The Python environment in the Scratchpad offers a unique, self-contained location where you can assign variables and create analyses that are visible only to you.

The following sections describe how to:

For information on data visualization and console output in the Scratchpad see here.

Note

If you primarily develop in q see here.

Execute Python code

When executing code in the Scratchpad, keep these key points in mind:

  1. The Python language is highlighted within the Scratchpad to indicate the use of Python code.

  2. Use Ctrl + Enter or Cmd + Enter, depending on OS, to execute the current line or selection. You can execute the current line without selecting it.

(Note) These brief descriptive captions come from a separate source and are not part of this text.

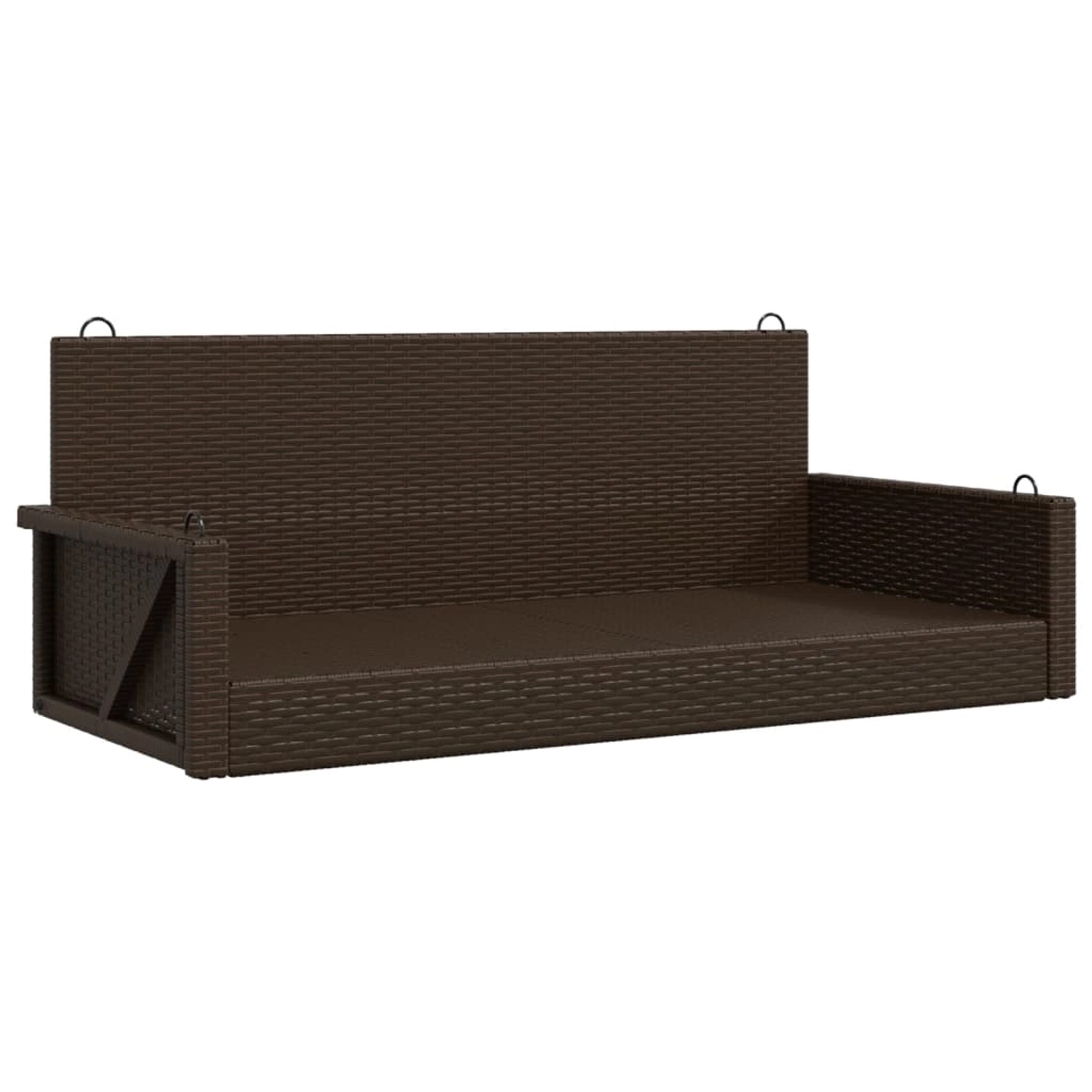 Bild von furnicato Gartenbank Hängebank Braun 119x56x48 cm Poly Rattan
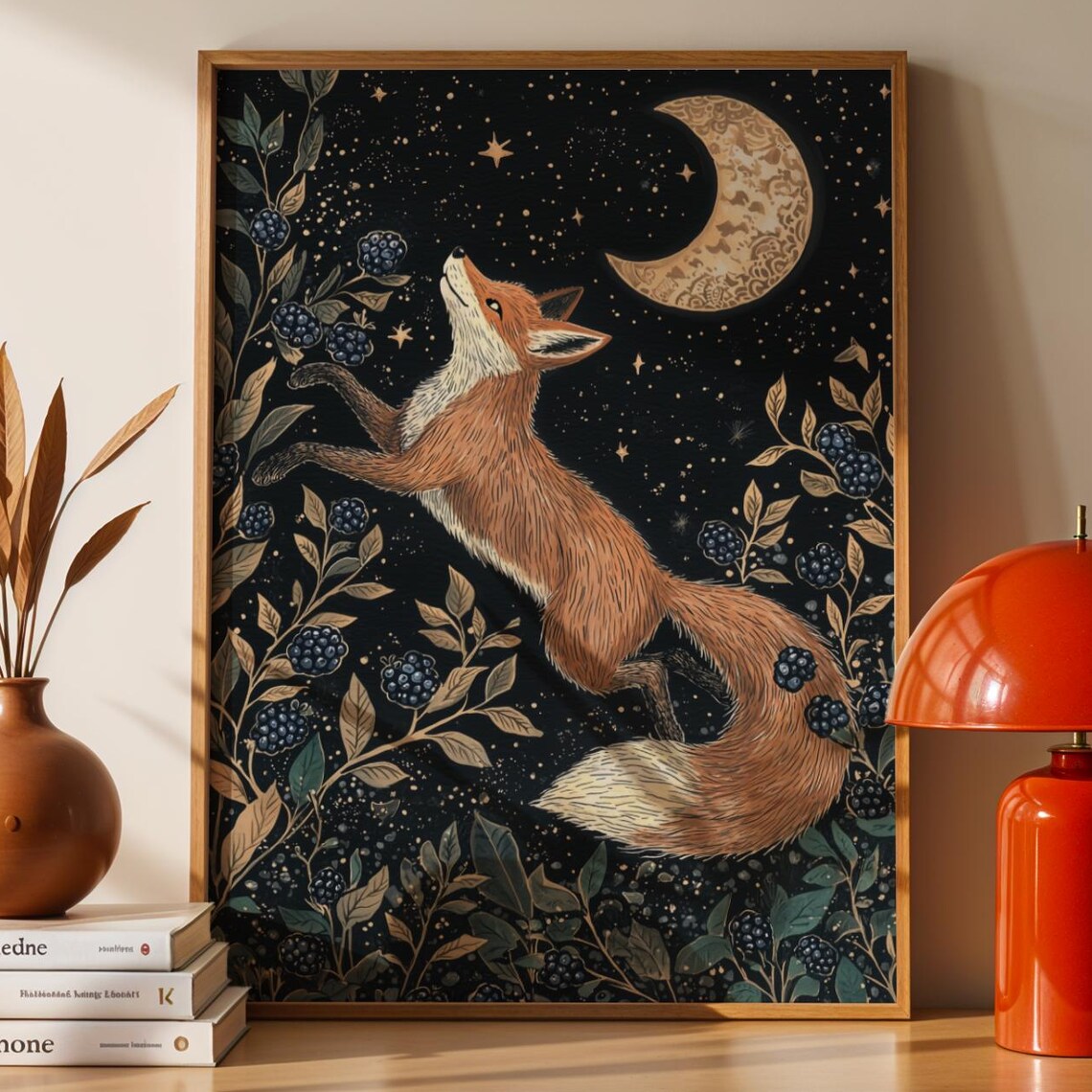 Fox And Moon Scandinavian Folk Art Art Print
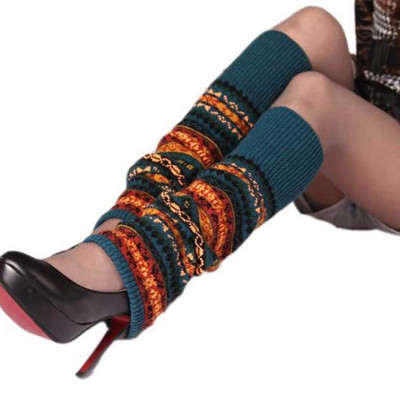 2022 Winter Over Knie Lange Knit Cover Haak Vrouwen Beenwarmers Legging Warme Gestreepte Kerst Pierna Mujer Dij Beenwarmers: 2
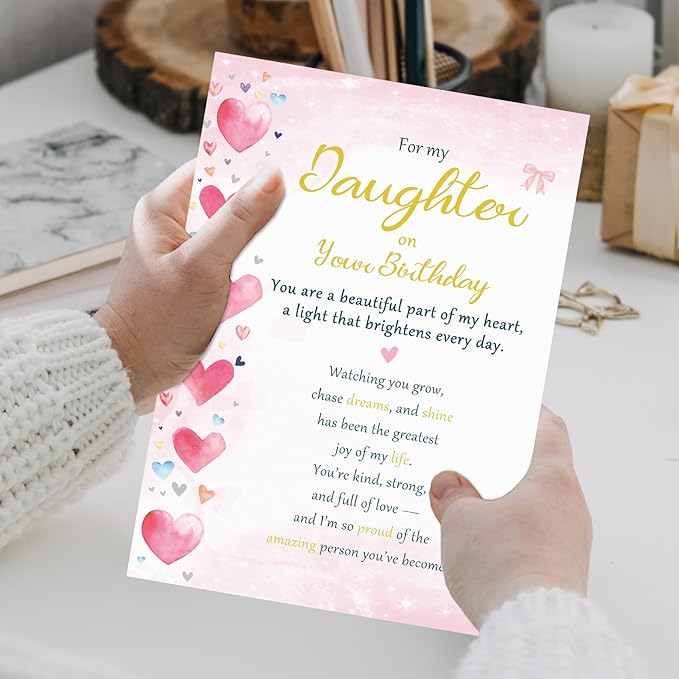 Daughter Birthday Card, Sweet Birthday Cards for Daughter, Adult Gifts from Mom Dad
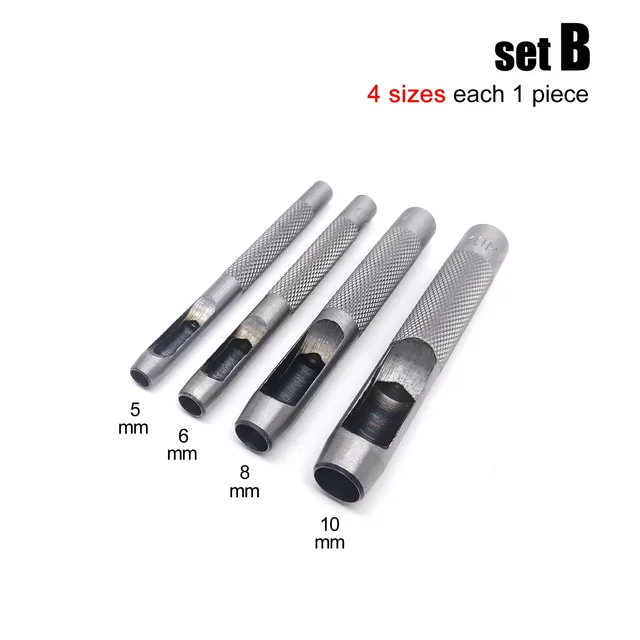 WUTA 5-15 Pcs Kit Hollow Punch Set Round Hole Punch Tool Steel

  3. Click Run Scratchpad to execute everything in the editor.

Available Python Libraries

The Scratchpad supports the libraries currently installed within the Scratchpad image. The following is a selection of the most important data-science libraries included:

  • Machine learning libraries: keras, scikit-learn, tensorflow-cpu, xgboost

  • Data science libraries: numpy, pandas, scipy, statsmodels, h5py (numerical data storage), pytz (for working with timezones)

  • Natural language processing: spacy (parsing, tokenizing, named entity recognition), beautifulsoup4 (HTML and XML parsing)

  • Insights and kdb+ integration: kxi (the stream processor and assorted Insights-specific functionality), pykx (allows running q and Python code in the same process)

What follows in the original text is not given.